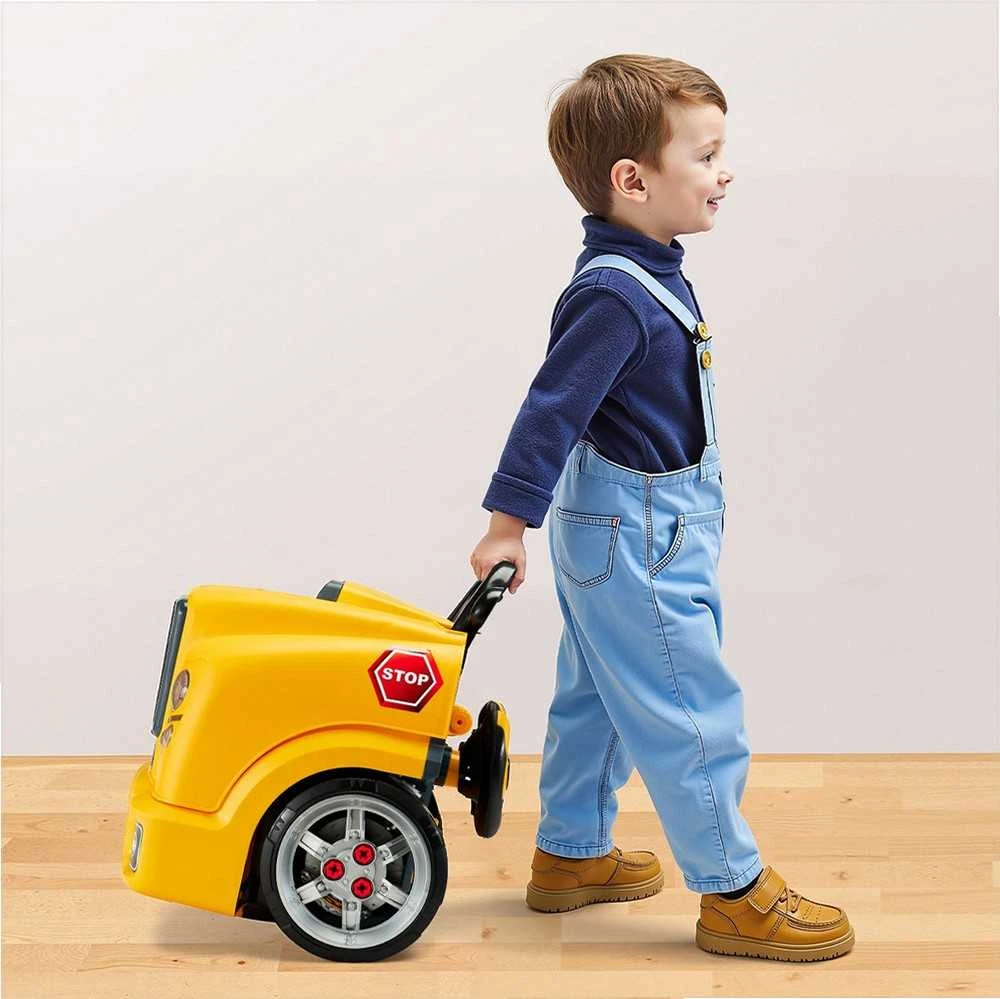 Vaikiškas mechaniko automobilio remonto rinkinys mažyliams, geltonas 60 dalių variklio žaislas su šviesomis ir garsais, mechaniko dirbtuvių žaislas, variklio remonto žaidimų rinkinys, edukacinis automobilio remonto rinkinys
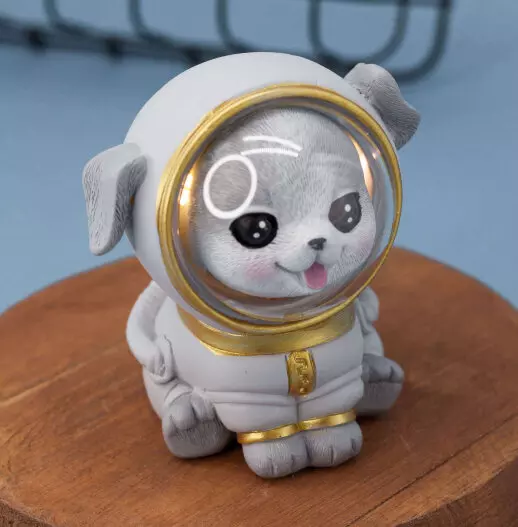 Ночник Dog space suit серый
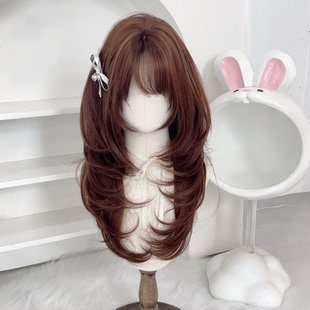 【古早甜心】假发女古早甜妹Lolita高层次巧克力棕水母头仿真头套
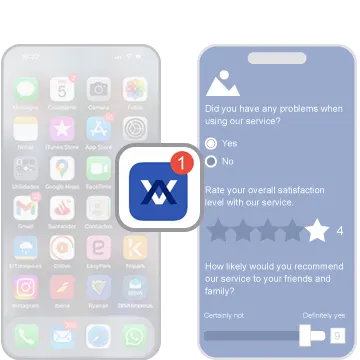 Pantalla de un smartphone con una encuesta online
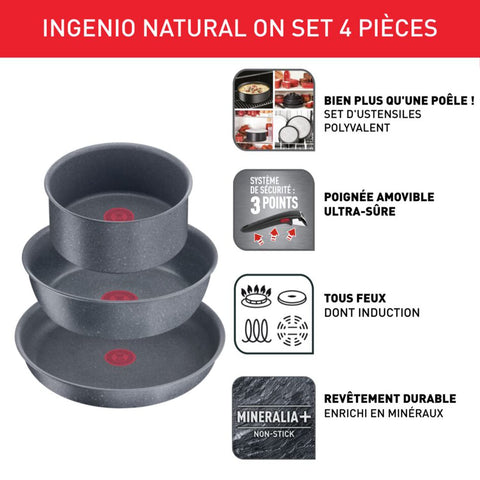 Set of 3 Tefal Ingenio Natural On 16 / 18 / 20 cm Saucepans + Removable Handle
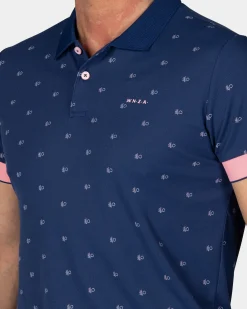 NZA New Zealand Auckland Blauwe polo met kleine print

※ ※ ※

THE TASK:
From the first line to the last, write out the data exactly, dropping any pictures.

EXERCISE ANSWER:
 Vaikiškas mechaniko automobilio remonto rinkinys mažyliams, geltonas 60 dalių variklio žaislas su šviesomis ir garsais, mechaniko dirbtuvių žaislas, variklio remonto žaidimų rinkinys, edukacinis automobilio remonto rinkinys
 Ночник Dog space suit серый
 【古早甜心】假发女古早甜妹Lolita高层次巧克力棕水母头仿真头套
 Pantalla de un smartphone con una encuesta online
 Set of 3 Tefal Ingenio Natural On 16 / 18 / 20 cm Saucepans + Removable Handle
 NZA New Zealand Auckland Blauwe polo met kleine print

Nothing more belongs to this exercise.